2012-08-13_16-44-47_173#2 became #3 because when we parked nearby there was a Border Patrol car parked right next to us.  It was raining quite hard so we didn’t mind waiting.  When the rain stopped the Border Patrol car did not move.  We waited.  No movement by the Border Patrol car.  We left to find #2, named “The Gnome”.  It was quite close to the Elks and we had to stop by and pick up Tom’s cell phone that he had left in DA PAD.  This is what we saw when we stopped near the cache, right by the street.  There was a gnome inside the Dutch doors.  This was one of the cutest cache hides we’ve seen in a long time. 

Then back to #3.  The Border Patrol car was just pulling out of the parking lot.  This cache, Red Pine, was an easy find even though it was rated D3.5 for difficulty.  We then drove back to Dock #1 to get ready for the tour of the Soo Locks and dinner.  This is so close we can see DA PAD from the ramp to the boat.


A tour bus of seniors were among those boarding with us.  There were 42 passengers on board for the dinner.


We were seated with a delightful couple, Susan and Andy, from about 40 miles from Elkhart, IN.  They were camping about an hour away.  We talked non-stop all through dinner then moved to the upper deck to get some pictures of the locks.  The ship that was coming through the Poe Lock was the Arthur M Anderson.  This was the ship that was following the Edmund Fitzgerald in that horrific storm in which the Fitz was lost.  The Anderson’s Captain was guiding the Fitz by radio because the Fitz’s radar was lost.  The Anderson lost all contact and notified the Coast Guard.  The Anderson arrived safely to its port, then the Anderson’s captain, with the full support of his crew, went back in the storm to try to find survivors, but all were lost.  Our captain was very knowledgeable about that accident.



As we were sailing toward our lock, the only Canadian Lock, we saw the US Flag and the Canadian Flag marking the border on the high bridge spanning the two Sault St.

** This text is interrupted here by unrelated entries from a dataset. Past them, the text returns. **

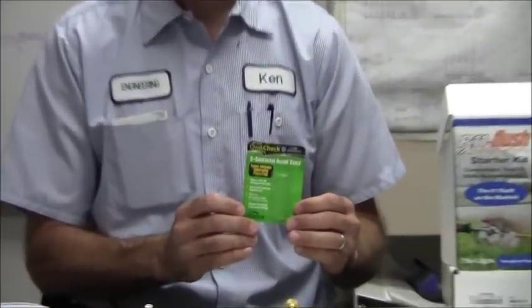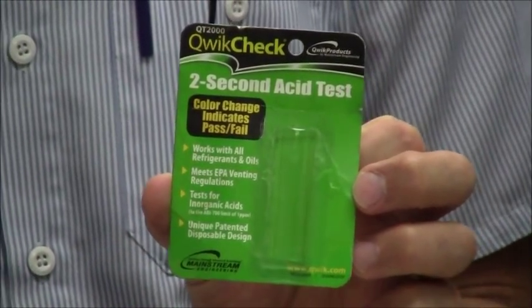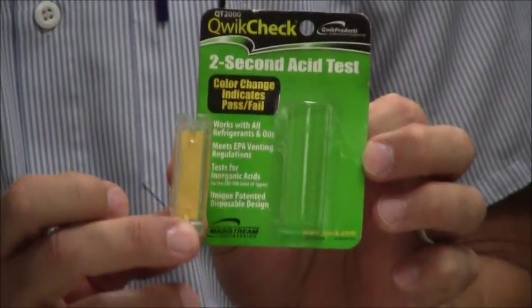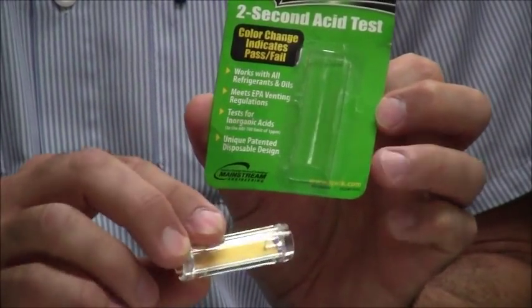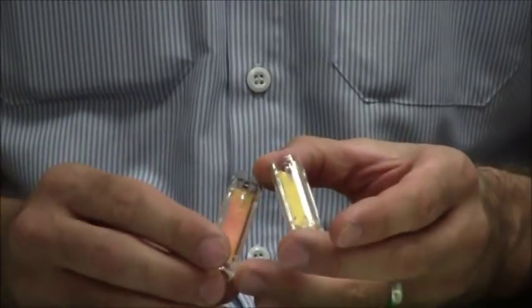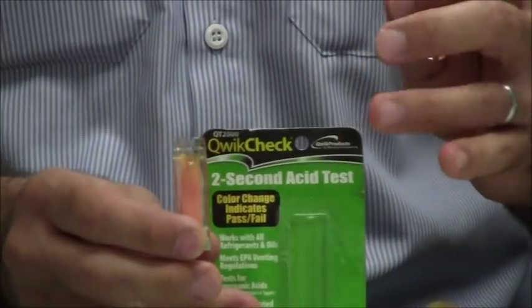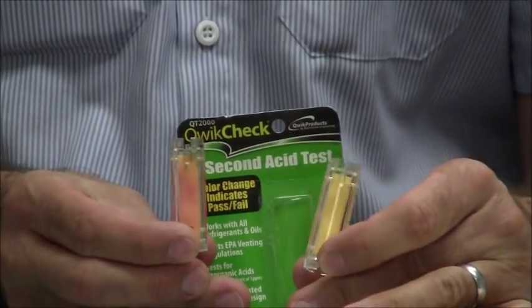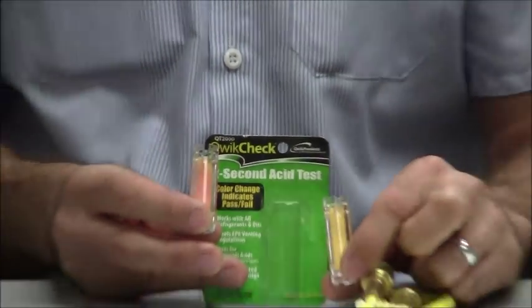So you need to test the refrigerant. The way we tested it was with this kit called Quick Check. You just put it onto the Schrader valve for two seconds to allow it to flow. If it changes color like this, you know that you have acid in your system because this is an acid test. This is what they look like new, and this one is from our system — so we know that we have acid in the system.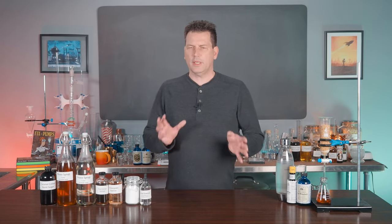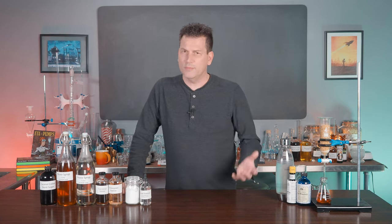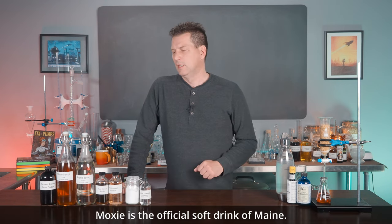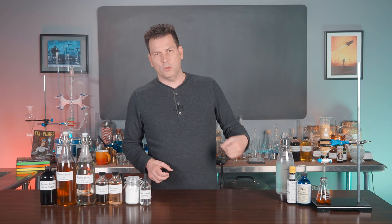I'm Darcy O'Neill. This is Art of Drink. Today we're talking Moxie. Moxie is a northeastern soda associated with Maine — it's actually the state's official soda. The thing that makes it different, as I mentioned in the intro, is that it's slightly bitter. To some people, it's a lot bitter.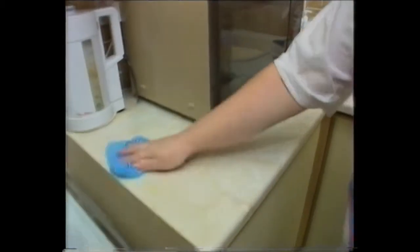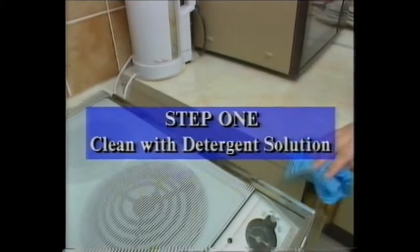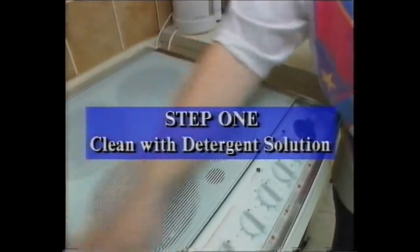...and kills all the germs which can cause food poisoning. Step one is to clean with a detergent solution. Surfaces should be wiped down immediately after use and between uses, and spills mopped up as soon as they occur.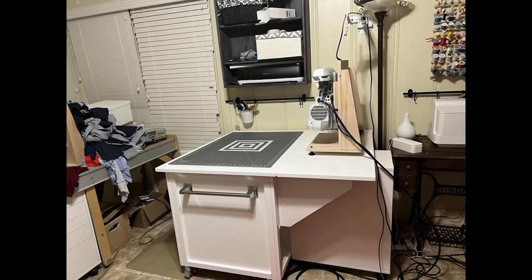Hey friends! Welcome back to Daily Sews and Stuff. I'm Brandilyn Daly and today we're talking about my cutting table.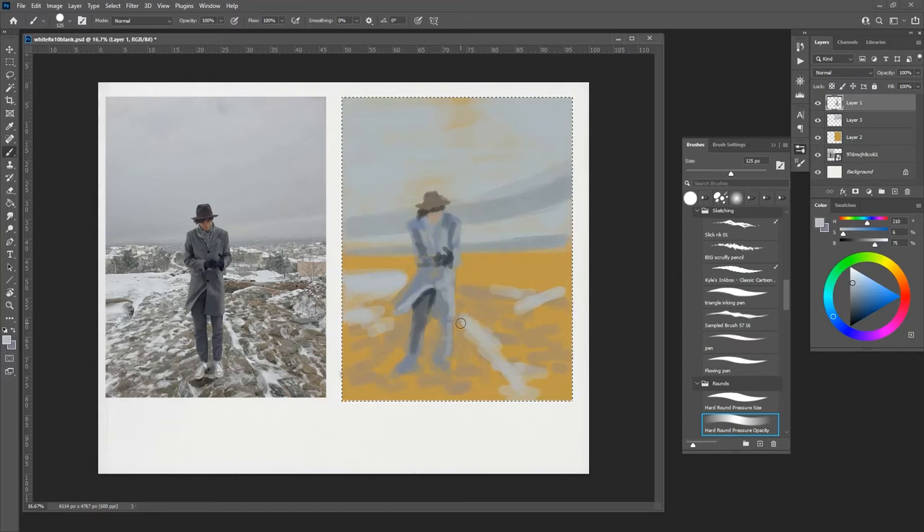This method takes forever, for good reason. But what's interesting about it is that even though you use just a simple hard round pressure-opacity brush — it's no big deal — it comes out pretty close. Low saturation, pretty light. I don't like sampling colors directly off the photo because then I'm not really painting, you know.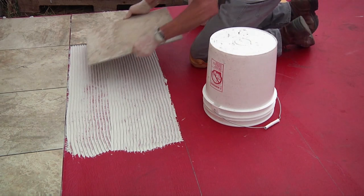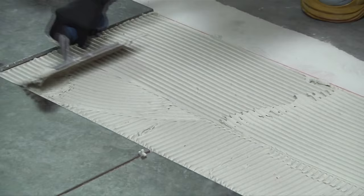The tile itself should also be rated for outdoor use, and as a general rule, porcelain tends to be more durable than ceramic. Of course, it should also have a slip-resistant surface.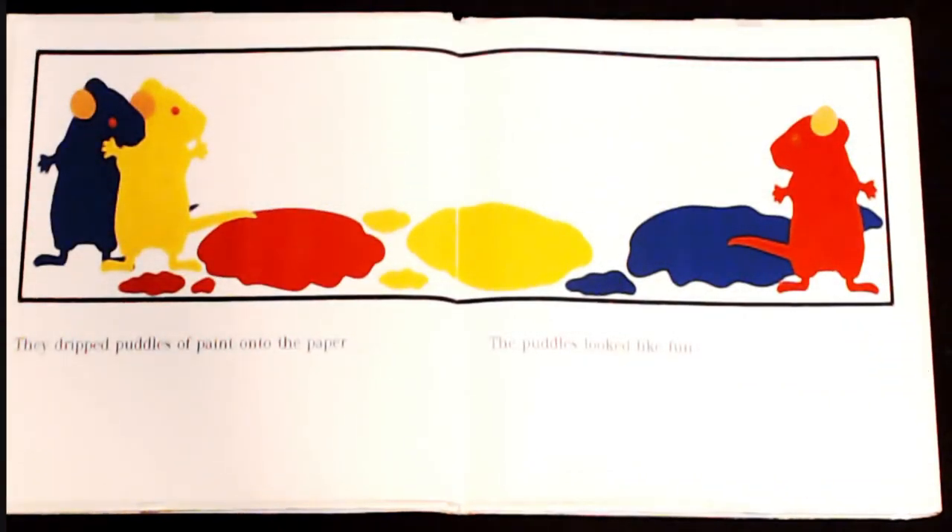They dripped puddles of paint onto the paper. The puddles looked like fun.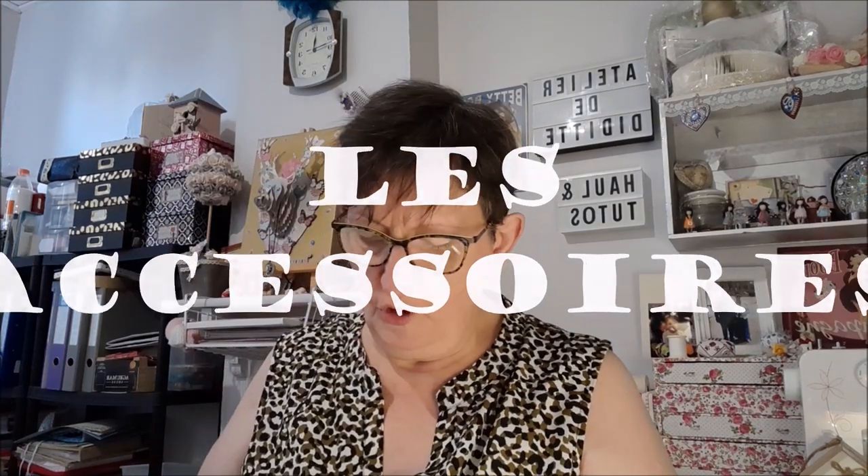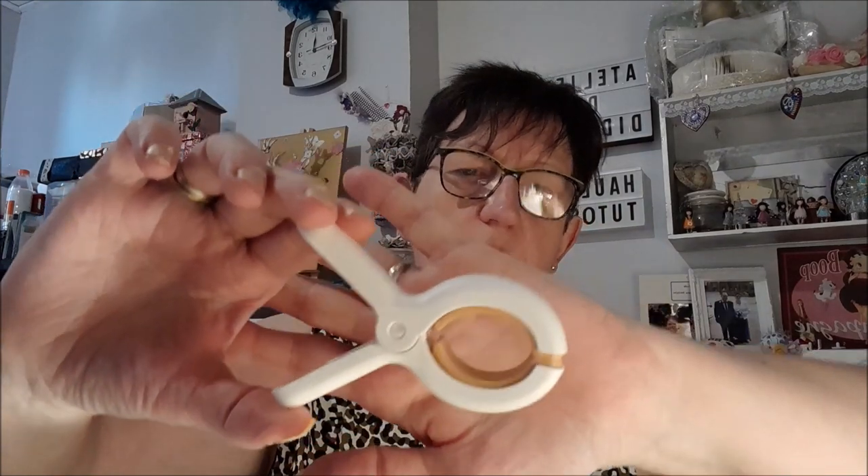Ça faisait un petit moment que je l'avais repéré, je ne sais pas pourquoi j'avais attendu. Hop, ça c'est belle. C'est des pinces — des pinces pour la broderie ou pour le diamond painting. Vous pouvez vous en servir pour les deux. Donc c'est un lot de trois pinces en plastique. Et elles ne sont pas du tout dures à appuyer. Elles font à peu près une petite dizaine de centimètres en longueur.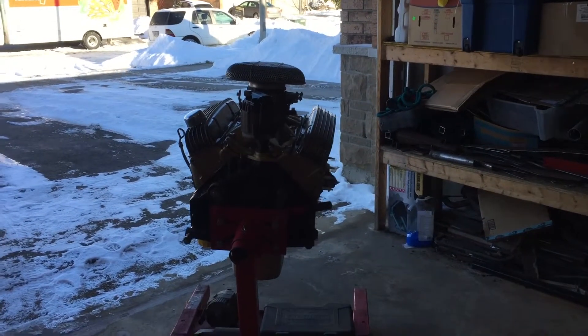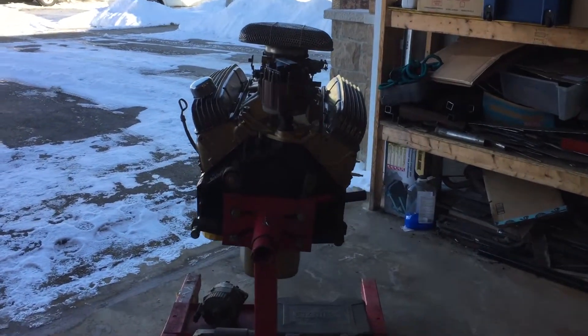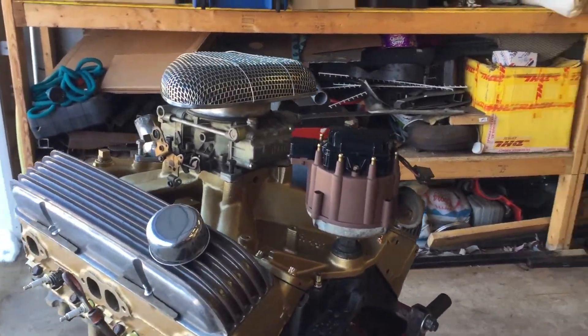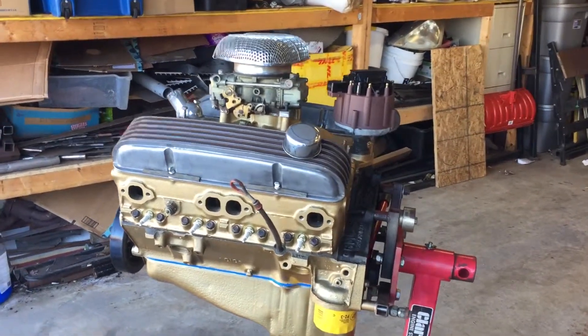Hey everyone, I just realised I didn't upload the last part of the video to show the finished paint job, so here it is. I also painted the distributor cap because it was bright blue if you remember in previous videos. That seems to come out quite nice.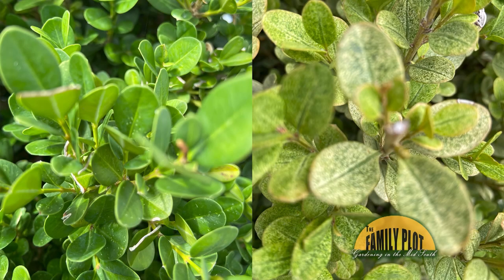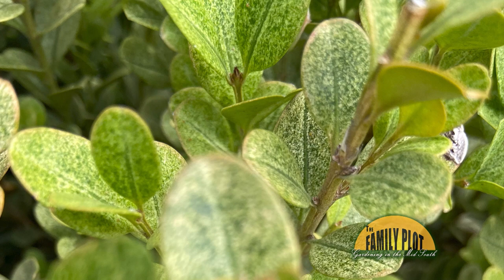I have several boxwood growing in large terracotta pots. One plant is healthy, the other two look sick. What is happening here? Laying in Hillsboro, Illinois. Joellen, you know a little bit about Illinois, so what do you think is going on with the boxwood?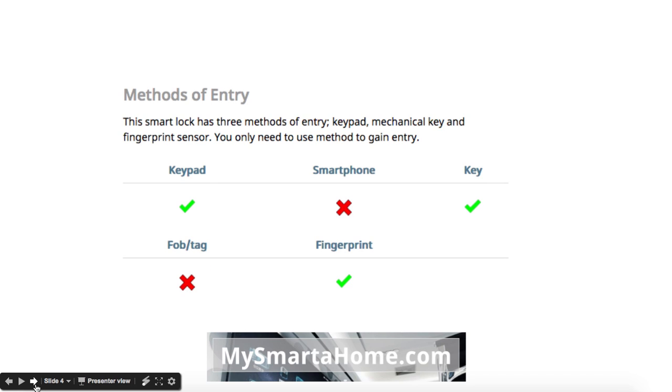Methods of entry — what can you use to open this lock? You can use a keypad, a key, and a fingerprint. Unfortunately, you cannot use your smartphone.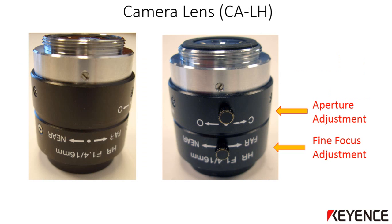This is an example of what the camera lens looks like. This can vary depending on the actual focal distance and type of lens purchased. Pictured here is the CA-LH16 lens, which has a focal distance of 16mm. No matter which lens you purchased, they will all have an aperture adjustment ring and a fine focus adjustment ring. These will be adjusted when setting up the actual camera image.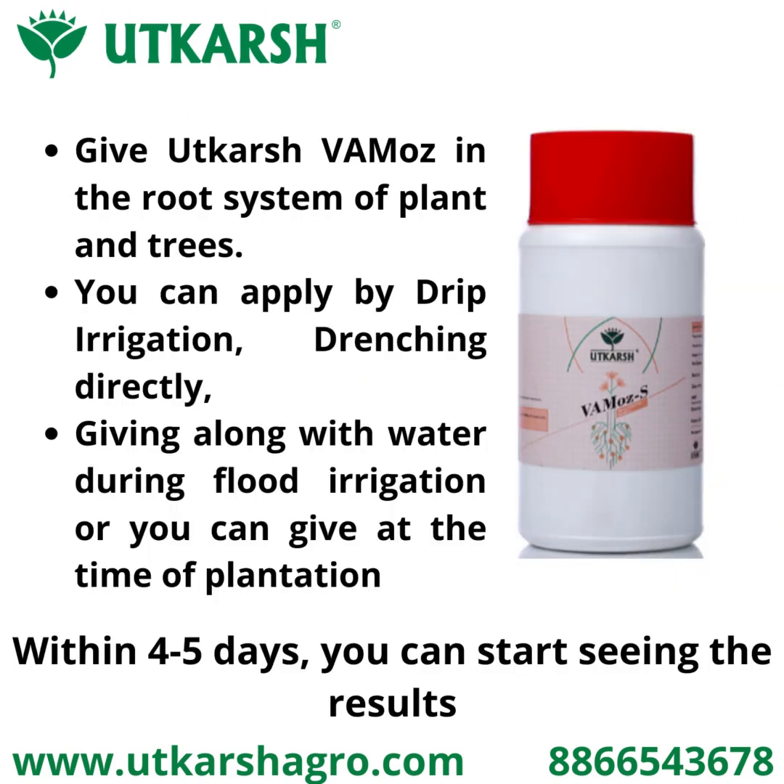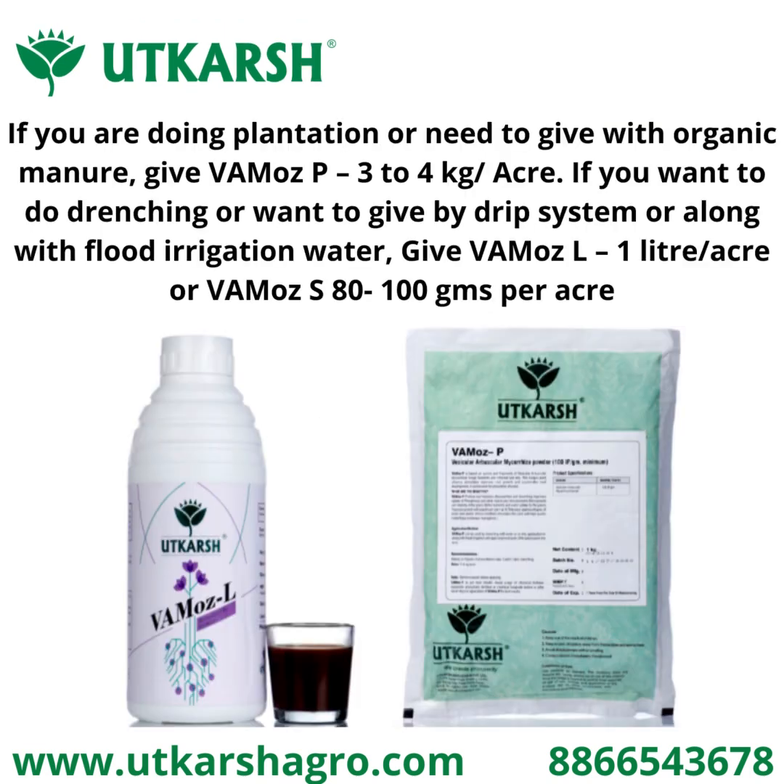For better root formation, you can organically apply Utkarsh Vemos in the root system of plants and trees. You can apply Vemos by drip irrigation, drenching, directly giving along with water during flood irrigation, or at the time of plantation. Within four to five days you can start seeing results in the form of new leaves.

Maries, Michigan and Canada.


We sailed into the lock on the Huron side which is 21 feet lower than the Superior side.  We were told that 21 feet does not seem like that much difference, but Lake Superior is the second largest fresh water lake in the world, if the gates were opened, the states of Michigan, Indiana, and part of Ohio would be flooded.

We sailed by the Canadian Algoma Steel Plant and saw them loading taconite.



During WWII 85 percent of the iron for ships, tanks and guns went through the Soo Locks.  As a result this was the most guarded inland section of North America.  Only after WWII ended were the locks open to tourists. 

We circled around and re-entered the Lake Huron side through the McArthur Lock.   This time we entered high, the gates were closed behind us, the water was drained and we were in a very deep trough.  This lock is 800 feet long and accommodates the long ships.  Our ship, the Holiday is 65 feet long.  We were sure small in this big lock.  There is no fee for any ship to sail through the locks. 


On our way back to the Dock #1 we passed the amazing Edison Sault Power plant, completed in 1902.  It is the longest power plant in the world.


We saw several little boats with fishermen fishing at the tail races.  Maybe the fishing is better there. 


We again passed DA PAD on the way back to the Dock and I think I spot Pansy laying in the window on the driver’s side.


We didn’t get to the Tower of History, but tomorrow looks like it will not be rainy like today.  We will probably get a better view. 

We may even check out some more caches.  Until our next blog, cache on.

1 comment:

  1. I don't remember why (maybe the cost), but we went to the Tower but did not go up. Seems to me there was a display on the street level we settled for. Have fun and glad you got to do both the Canadian and the US locks.